(Cuento perteneciente al libro “Cuentos de los Arcanos”, de Diego Yani, Editorial Dunken)

Estoy cansado.

Luego de varios tormentosos días de travesía donde me topé con fuertes vientos y la amenaza de alguna fiera hambrienta, llego a la próxima parada en el largo recorrido. Deambulo lentamente a lo largo de las calles desoladas de ese pueblo perdido en el extremo sur del mundo, de casas bajas y techos a dos aguas, y en una de ellas veo un cartel que reza: “Hay habitaciones disponibles”. Y aunque sé que solamente será una corta estancia no lo dudo y tomo un cuarto en esa pensión de la minúscula aldea que se extiende a los pies de las protectores montañas de caprichosas formas. Mi pequeño cuarto se encuentra junto a la enorme sala donde está la chimenea lo cual me satisface pues el fuego que allí arde llegará sin dudas a mi cuarto haciéndome las noches de otoño más llevaderas y creándome la falsa ilusión de un hogar. No tengo muy en claro cuántas noches pasaré bajo esas cobijas escuchando la furia de los vientos huracanados que ya soplan ahí afuera, pero estoy esperanzado en calmar, aunque sea momentáneamente, esta sed insaciable que me devora por dentro. Es esta exigencia interna que me ha convertido en un nómade indomable que bucea las profundidades de este mundo intramuros en búsqueda de los intangibles tesoros vedados. Esta necesidad que me corroe interiormente y que nunca se sacia me acompaña desde el principio de los tiempos. Sin lugar a dudas en muchas ocasiones su sombra permanente e inquietante podría considerarse una tortura pues me impulsa e impide que me detenga. Necesidad de saber, de descubrir, de explorar, que me llevó a recorrer los más exóticos templos de Oriente en busca del aroma de los inciensos y a navegar por muchos mares, a consultar las fórmulas mágicas de la alquimia y a adentrarme en el esotérico mundo de las religiones paganas. Y sin embargo nada de todo eso me basta. Muchas veces creí haber encontrado el camino hacia eso que me sacie pero luego de transitarlo brevemente una bifurcación me aleja del sendero original y me conduce a nuevos y desconocidos horizontes. ¡Y no puedo detenerme! ¿Quién sabe qué secretos me esperan al final de esa senda?

Siempre hago un alto en el camino –como este en el extremo sur del mundo– donde la fantasía de una vida ordinaria se presenta y me seduce brevemente como un tentador obsequio de exquisito envoltorio e incierto contenido que me invita a abrirlo, pero el espejismo dura poco y se diluye en la necesidad imperiosa de seguir más y más allá insistiendo en la búsqueda de algo que tal vez resulte inexistente.

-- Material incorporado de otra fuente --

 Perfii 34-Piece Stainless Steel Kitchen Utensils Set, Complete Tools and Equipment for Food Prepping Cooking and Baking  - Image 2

Necesidad superficial e inútil, dirá más de uno desde la ficticia seguridad de su morada aferrándose a las promesas de los libros de la verdad revelada. Y tal vez lo sea: esa es otra de las infinitas cosas que aún no descubro.

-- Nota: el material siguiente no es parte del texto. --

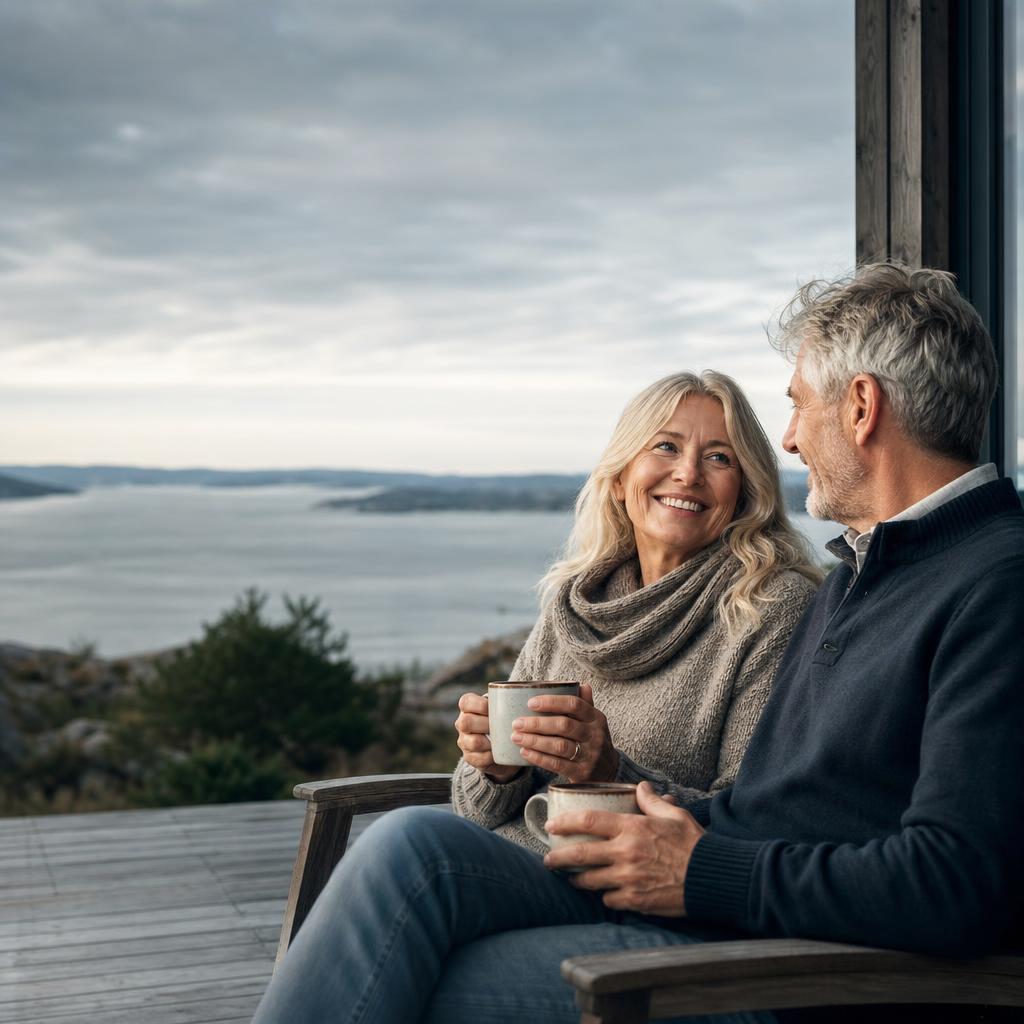 Kvinne over 65 på tur ved fjorden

Agotado me meto en la cama. Debo confesar que la seguridad del lecho y el calor de las mantas me invitan al reposo tan necesario. Mi cabeza cansada tras largos años de búsqueda incesante agradece la suavidad de esas almohadas y esta pausa en .mi derrotero interior. Sin embargo, sé que dentro de poco emprenderé nuevamente el camino y me perderé entre los infinitos senderos que atraviesan este mundo. Ojalá mis huellas sirvan a aquellos que también buscan.

Desde el extremo sur del mundo, y mientras escucho el zumbido del potente viento allá afuera, me pregunto si al final del camino –cuando todo se detenga–  sabré si valió la pena haberme dejado arrastrar por este caudaloso río interno que me convierte en un eterno buscador de algo que posiblemente nunca encuentre.